Python Bin Picking is an application designed to automate the identification and picking of objects in a bin using an Intel RealSense camera. Leveraging computer vision techniques, the script detects specific objects by their color and size, and guides robotic mechanisms to pick these objects efficiently.
- Real-time cube detection using an Intel RealSense camera.
- Python 3.6 or higher
- OpenCV (
cv2
) pyrealsense2
- NumPy
Ensure you have the required libraries installed. You can install them using pip:
pip install numpy opencv-python pyrealsense2
python RealSenseBinPicking.py --object_size 150 --width 640 --height 480 --log INFO --output_mode json
- object_size: Minimum contour area to consider a shape suitable for picking (default is 150 pixels squared).
- width and --height: Resolution of the video stream (default is 640x480).

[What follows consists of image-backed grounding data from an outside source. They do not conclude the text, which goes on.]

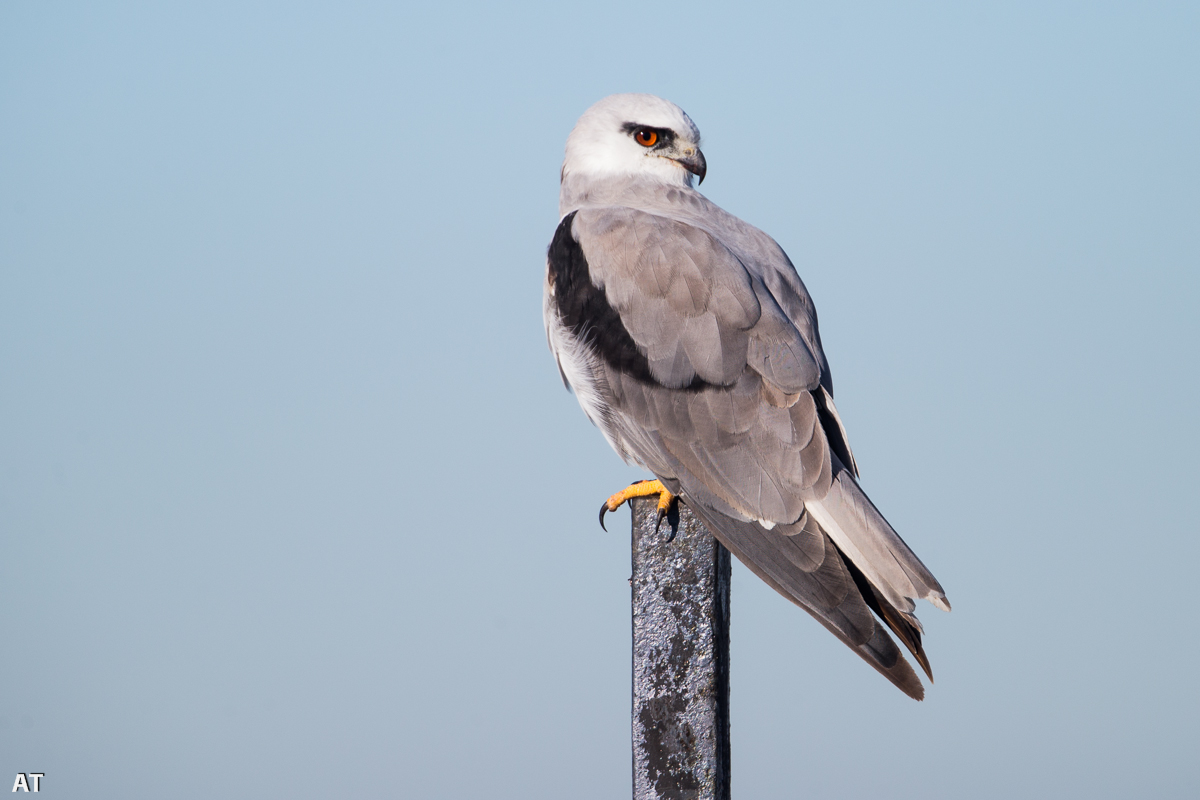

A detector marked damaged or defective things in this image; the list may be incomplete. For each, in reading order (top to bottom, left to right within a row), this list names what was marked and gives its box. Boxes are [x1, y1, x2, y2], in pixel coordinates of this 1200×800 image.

rusty metal pole [628, 496, 729, 796] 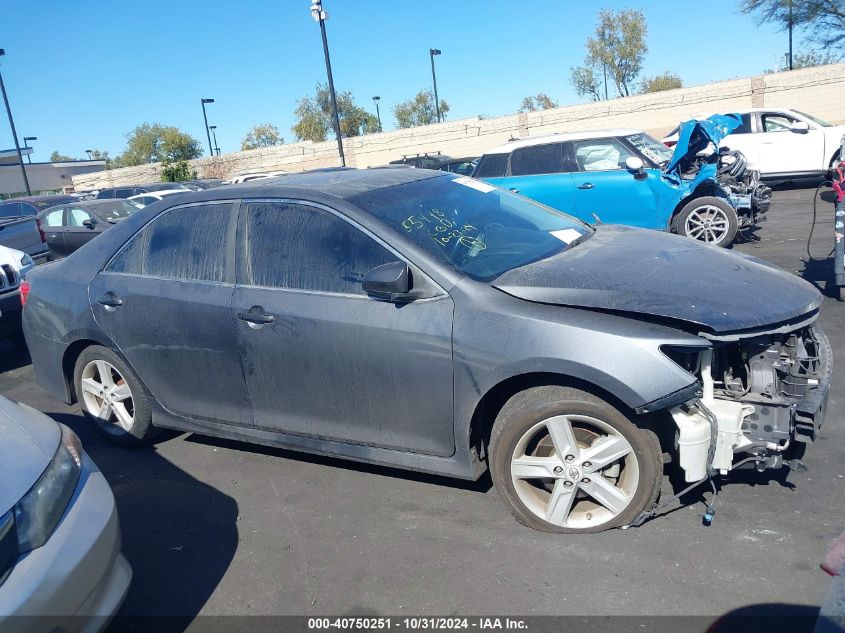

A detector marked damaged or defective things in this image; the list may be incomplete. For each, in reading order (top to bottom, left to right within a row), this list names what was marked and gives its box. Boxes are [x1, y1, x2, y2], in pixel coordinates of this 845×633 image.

damaged gray sedan [19, 167, 832, 528]
damaged blue car [474, 113, 772, 244] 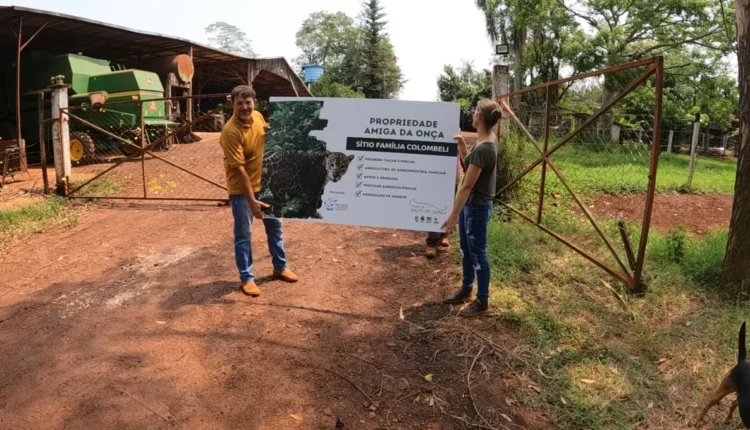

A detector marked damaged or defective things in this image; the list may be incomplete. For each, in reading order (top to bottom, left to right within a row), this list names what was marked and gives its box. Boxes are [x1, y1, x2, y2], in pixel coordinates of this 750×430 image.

rusty gate frame [62, 94, 229, 202]
rusty gate frame [500, 57, 664, 292] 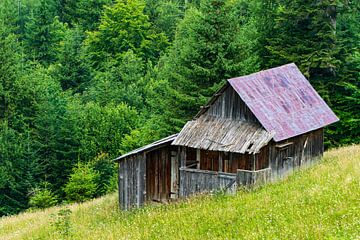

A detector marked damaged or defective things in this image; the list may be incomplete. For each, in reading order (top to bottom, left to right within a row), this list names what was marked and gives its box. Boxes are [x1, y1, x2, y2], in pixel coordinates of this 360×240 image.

rusty metal roof [172, 116, 272, 154]
rusty metal roof [229, 62, 338, 142] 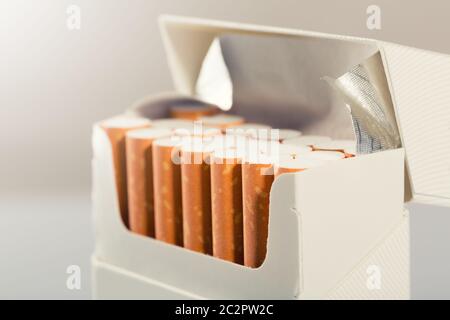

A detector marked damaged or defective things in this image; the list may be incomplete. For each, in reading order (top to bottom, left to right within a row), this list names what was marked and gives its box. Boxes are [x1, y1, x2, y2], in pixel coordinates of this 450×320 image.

torn foil wrapper [324, 53, 400, 154] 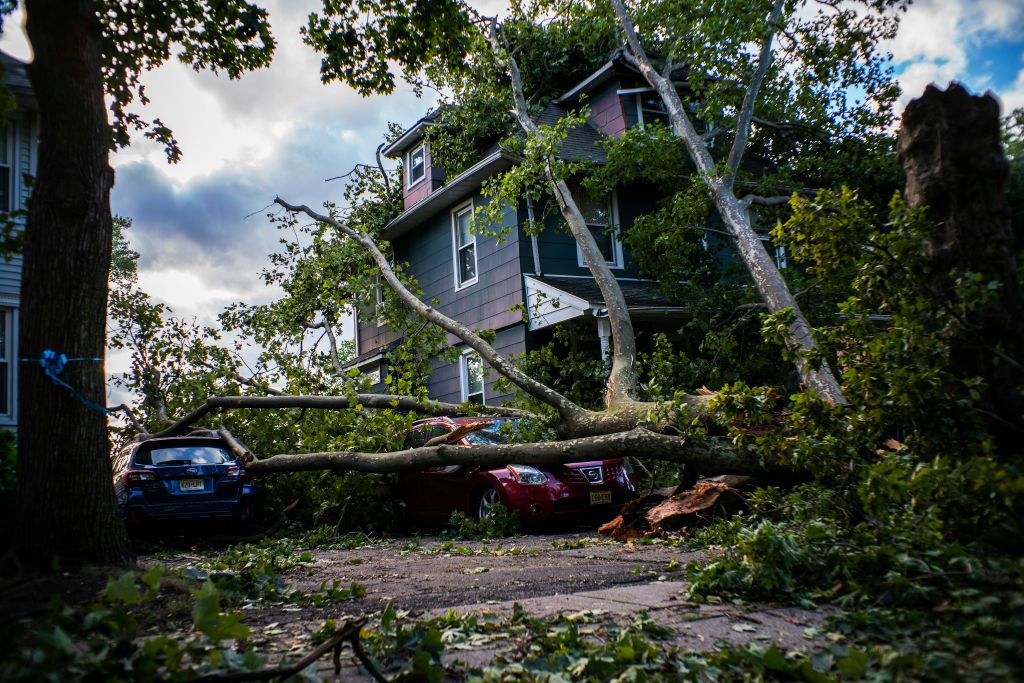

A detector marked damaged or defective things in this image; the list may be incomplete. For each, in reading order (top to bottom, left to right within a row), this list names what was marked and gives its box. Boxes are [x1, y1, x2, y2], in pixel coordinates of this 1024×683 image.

damaged red car [395, 417, 634, 524] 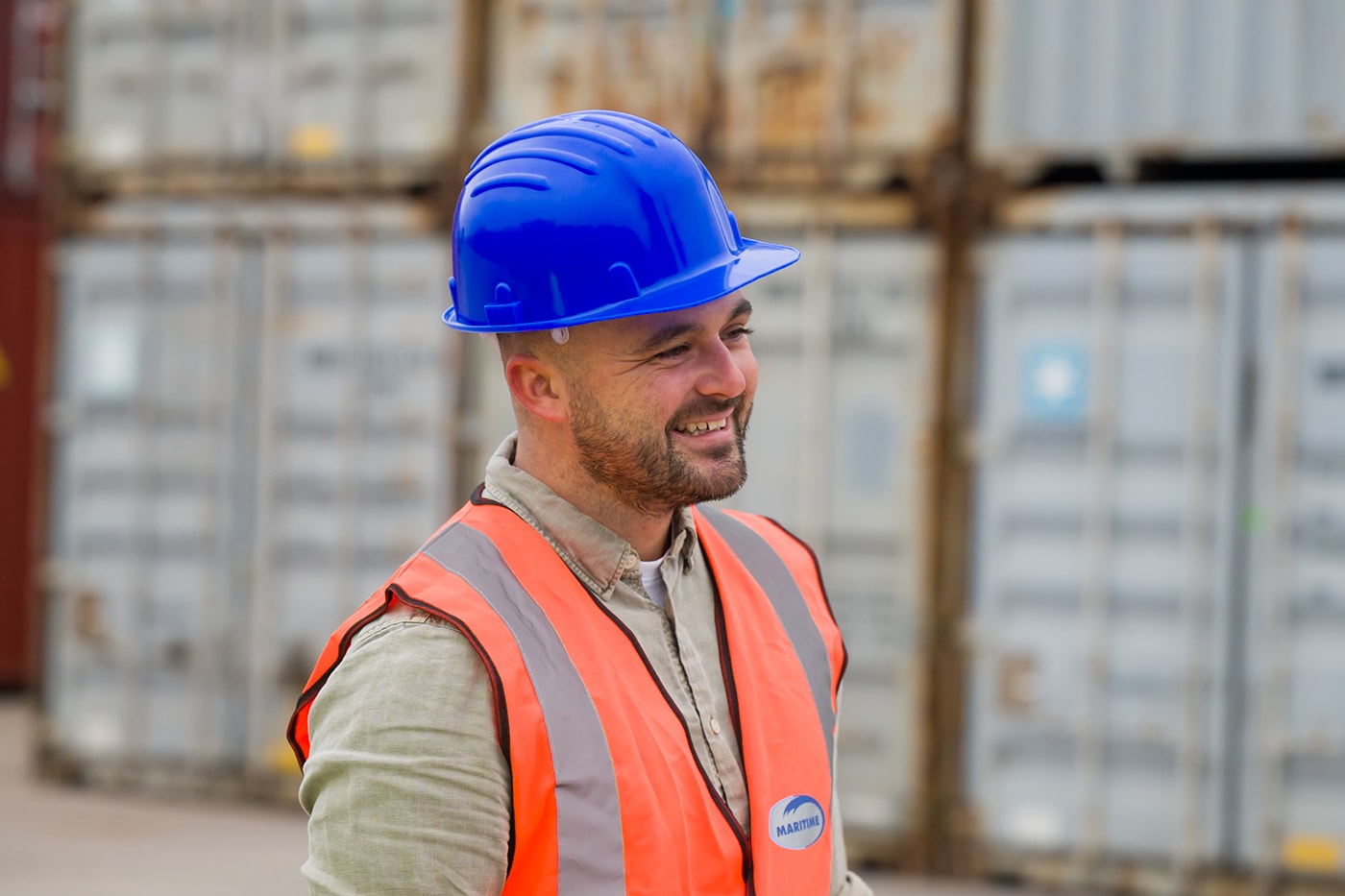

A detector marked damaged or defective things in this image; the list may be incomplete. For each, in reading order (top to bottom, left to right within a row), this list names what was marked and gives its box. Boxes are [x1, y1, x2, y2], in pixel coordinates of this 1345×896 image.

rusted container [480, 0, 719, 154]
rusted container [711, 0, 961, 189]
rusted container [0, 209, 43, 684] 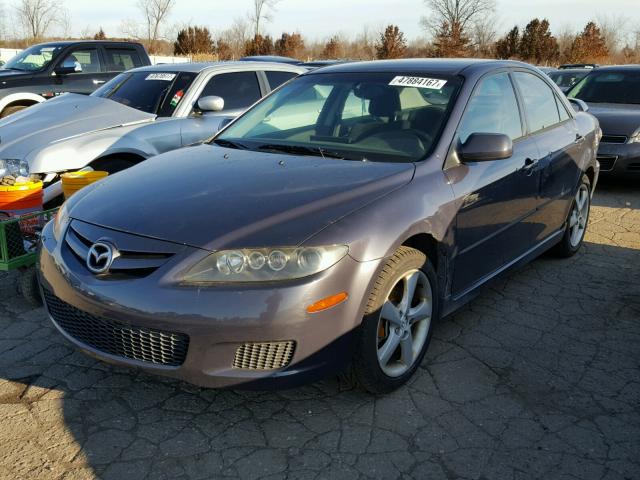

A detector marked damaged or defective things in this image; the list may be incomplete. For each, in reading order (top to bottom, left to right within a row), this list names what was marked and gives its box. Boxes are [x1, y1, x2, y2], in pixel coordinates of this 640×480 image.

cracked asphalt lot [0, 181, 636, 480] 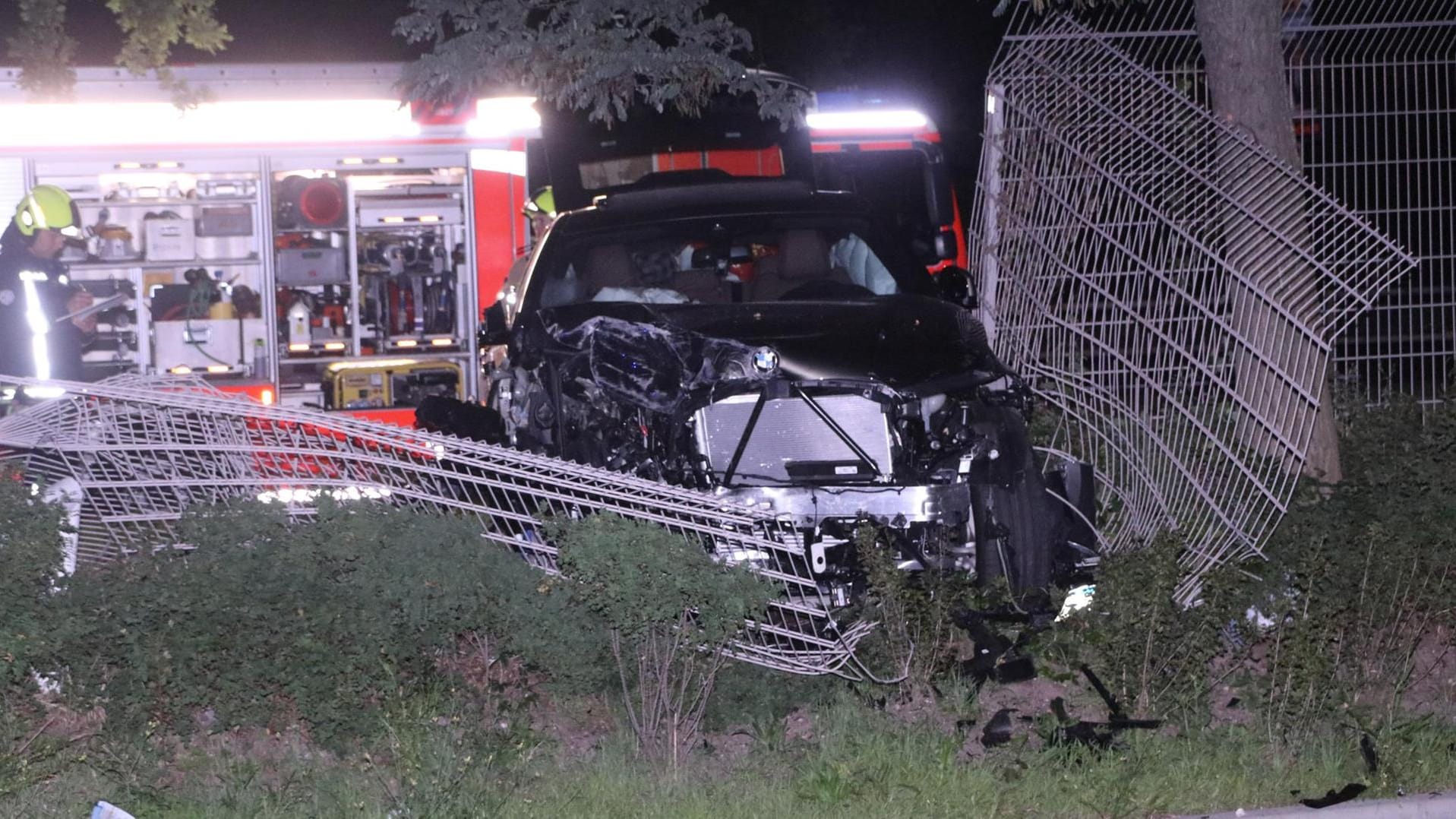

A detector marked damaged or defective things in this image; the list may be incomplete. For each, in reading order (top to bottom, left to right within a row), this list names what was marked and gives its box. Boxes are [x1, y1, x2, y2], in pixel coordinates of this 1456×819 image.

bent metal fence [0, 377, 875, 681]
damaged radiator [0, 377, 875, 681]
crumpled hood [535, 295, 990, 392]
wrecked bmw suv [431, 178, 1094, 596]
bent metal fence [972, 9, 1416, 599] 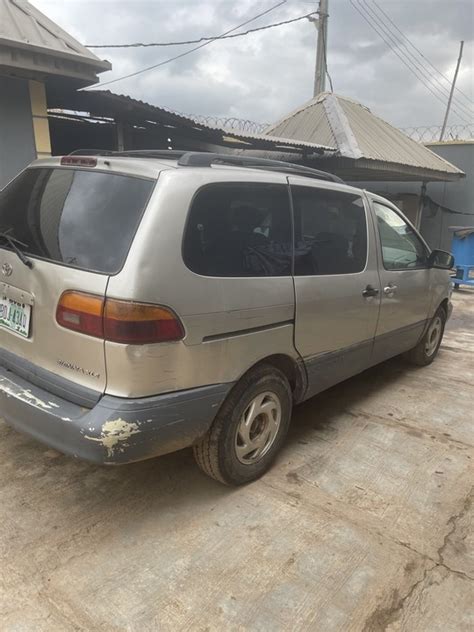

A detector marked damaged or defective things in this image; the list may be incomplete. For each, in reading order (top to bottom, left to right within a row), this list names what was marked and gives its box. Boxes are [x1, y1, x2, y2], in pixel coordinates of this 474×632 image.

peeling paint on bumper [0, 366, 231, 464] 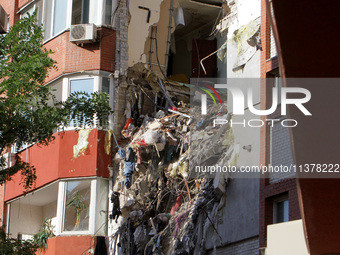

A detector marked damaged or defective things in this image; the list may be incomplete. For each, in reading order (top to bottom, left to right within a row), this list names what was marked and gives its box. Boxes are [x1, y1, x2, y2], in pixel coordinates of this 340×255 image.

broken window [71, 0, 89, 24]
damaged apartment building [0, 0, 268, 254]
broken window [63, 179, 90, 231] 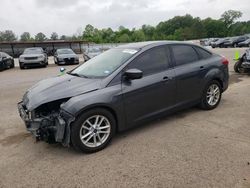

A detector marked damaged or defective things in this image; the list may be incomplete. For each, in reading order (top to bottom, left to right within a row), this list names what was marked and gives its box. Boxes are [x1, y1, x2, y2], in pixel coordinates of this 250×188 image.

crumpled front end [17, 100, 74, 145]
damaged front bumper [17, 102, 74, 146] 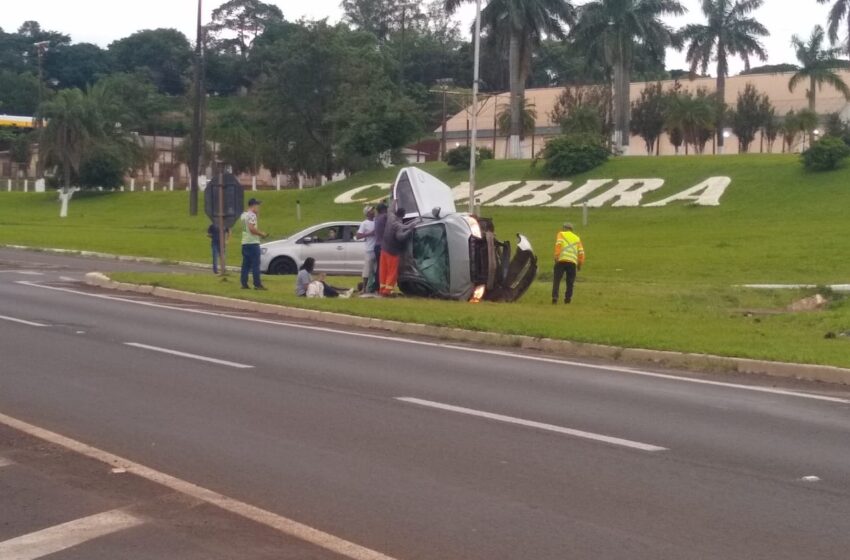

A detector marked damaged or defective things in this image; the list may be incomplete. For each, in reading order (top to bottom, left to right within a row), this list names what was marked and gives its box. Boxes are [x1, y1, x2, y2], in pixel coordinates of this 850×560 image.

overturned car [388, 167, 532, 302]
damaged vehicle [390, 166, 532, 302] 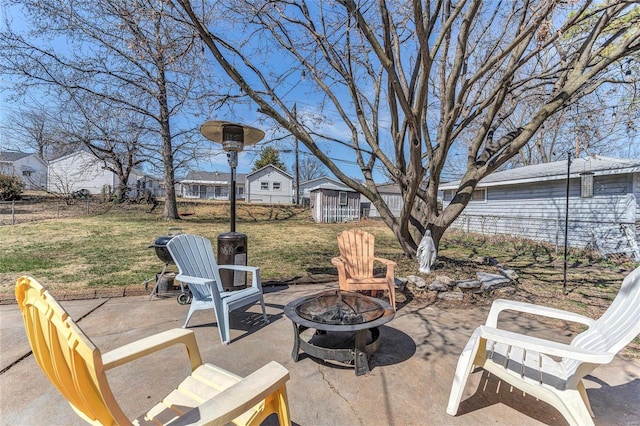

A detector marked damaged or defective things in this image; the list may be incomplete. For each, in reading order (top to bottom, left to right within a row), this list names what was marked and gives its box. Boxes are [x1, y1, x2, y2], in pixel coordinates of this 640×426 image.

crack in concrete [0, 298, 110, 374] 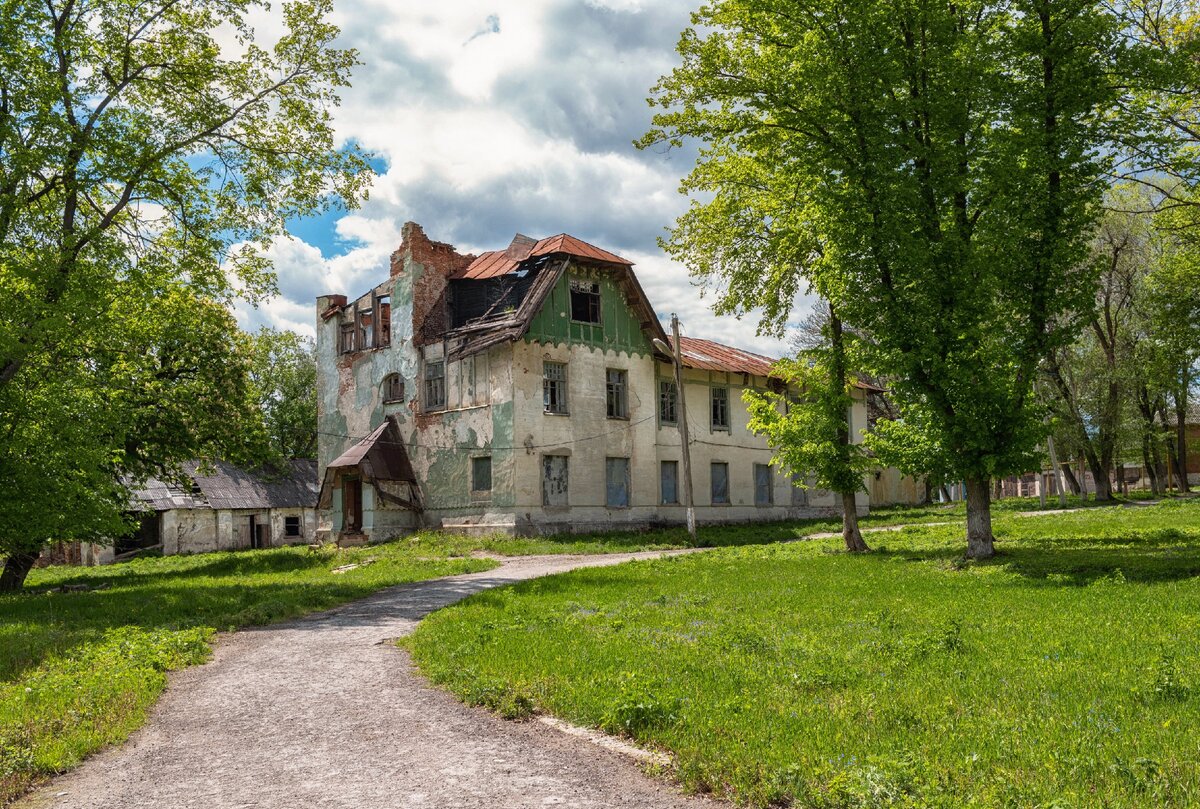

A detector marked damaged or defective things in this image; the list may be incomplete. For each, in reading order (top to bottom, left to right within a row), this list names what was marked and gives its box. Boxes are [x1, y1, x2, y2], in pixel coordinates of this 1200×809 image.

rusty metal roof [453, 231, 633, 278]
broken window opening [564, 278, 597, 324]
broken window opening [338, 321, 355, 352]
rusty metal roof [676, 340, 777, 379]
broken window opening [381, 374, 405, 400]
broken window opening [420, 360, 444, 410]
broken window opening [544, 360, 566, 412]
broken window opening [609, 369, 628, 420]
broken window opening [657, 379, 676, 424]
broken window opening [710, 384, 729, 427]
broken window opening [468, 453, 487, 492]
broken window opening [542, 453, 568, 504]
broken window opening [604, 456, 633, 506]
broken window opening [662, 460, 681, 504]
broken window opening [710, 460, 729, 504]
broken window opening [753, 460, 772, 504]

- log: Logging level (default is INFO).
- output_mode: Specifies the output format (e.g., json for integration with robotics systems).
- Color Ranges: Define the color ranges in HSV for object detection based on the specific objects in your bin.
- Process Frame: Adjust image processing steps to optimize detection under varying lighting and bin conditions.
- Robot Arm: Ufactory xArm 850
- Gripper: Custom Made
- Camera: Intel RealSense D435i
The detected objects will be displayed in a window with their respective bounding boxes and identified color labels. If output_mode is set to json, the script will output the coordinates and dimensions of detected objects in a JSON format for use by robotic picking systems.
Contributions to enhance the functionality or adapt the script to specific picking tasks or different environments are welcome. Please follow the existing code style and add comprehensive comments.
This project is open source and available under the MIT License.